- Parent school: Midway College
- Established: 2011 (proposed)
- School type: Private
- Dean: Dr. Sarah Laws
- Location: Paintsville, Kentucky, USA
- Enrollment: 80 planned at opening
- Faculty: 100+ (estimated)
- Website: midway.edu/pharmacy

= Midway College School of Pharmacy =

Midway College School of Pharmacy was a proposed private pharmacy school planned to open in Paintsville, Kentucky, United States. Announced to the public on January 11, 2010, the school planned to open on Big Sandy Community and Technical College's Mayo Campus in the fall of 2011.
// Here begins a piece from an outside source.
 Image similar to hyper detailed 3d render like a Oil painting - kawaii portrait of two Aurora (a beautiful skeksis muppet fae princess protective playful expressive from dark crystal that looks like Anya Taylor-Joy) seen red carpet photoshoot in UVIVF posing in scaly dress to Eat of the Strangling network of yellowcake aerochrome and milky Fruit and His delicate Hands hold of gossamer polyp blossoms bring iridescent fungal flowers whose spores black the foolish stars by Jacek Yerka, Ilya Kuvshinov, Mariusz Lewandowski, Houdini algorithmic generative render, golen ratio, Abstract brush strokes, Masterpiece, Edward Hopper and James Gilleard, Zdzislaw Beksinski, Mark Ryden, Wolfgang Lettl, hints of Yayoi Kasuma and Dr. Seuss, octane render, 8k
After a second unsuccessful accreditation site visit by the Accreditation Council for Pharmacy Education (ACPE), Midway College dismissed the school's faculty and staff and sought to transfer the Paintsville property to the University of Charleston. The transfer was abandoned after the University of Charleston concluded during due diligence that projected enrollment was unrealistic.

==History==
The college was to be housed on the Big Sandy campus until the permanent campus was complete. A self-contained campus, consisting of two 60000 ft2, buildings were completed. Dr. William B. Drake Jr., former president of Midway College, was expecting an enrollment of 320 when fully operational. It would have been the third pharmacy school in Kentucky (the other two being University of Kentucky College of Pharmacy and Sullivan University College of Pharmacy). The school was part of Midway College, a private liberal arts college located in Midway, Kentucky.

The school had been accredited by the Southern Association of Colleges and Schools (SACS) and was awaiting accreditation from the Accreditation Council for Pharmacy Education (ACPE) until the college withdrew their application for unknown reasons. If Midway College School of Pharmacy receives accreditation from ACPE, it will be a fully accredited college of pharmacy and will be able to offer the Doctor of Pharmacy degree.

It was projected that the school would generate more than $30 million in economic activity annually in Paintsville and Johnson County.

After failing the second site visit for accreditation from the Accreditation Council for Pharmacy Education (ACPE), rather than attempting to address issues noted by the ACPE and seeking a third (and final) site visit, the Board of Directors at Midway College terminated all faculty and staff and attempted to transfer the property to the University of Charleston, which already operated an accredited pharmacy school. The school in Paintsville would have operated as a branch location of the school of pharmacy based in Charleston, West Virginia had the transfer occurred. The transfer did not occur because during due diligence, they found that the projected number of students was not realistic.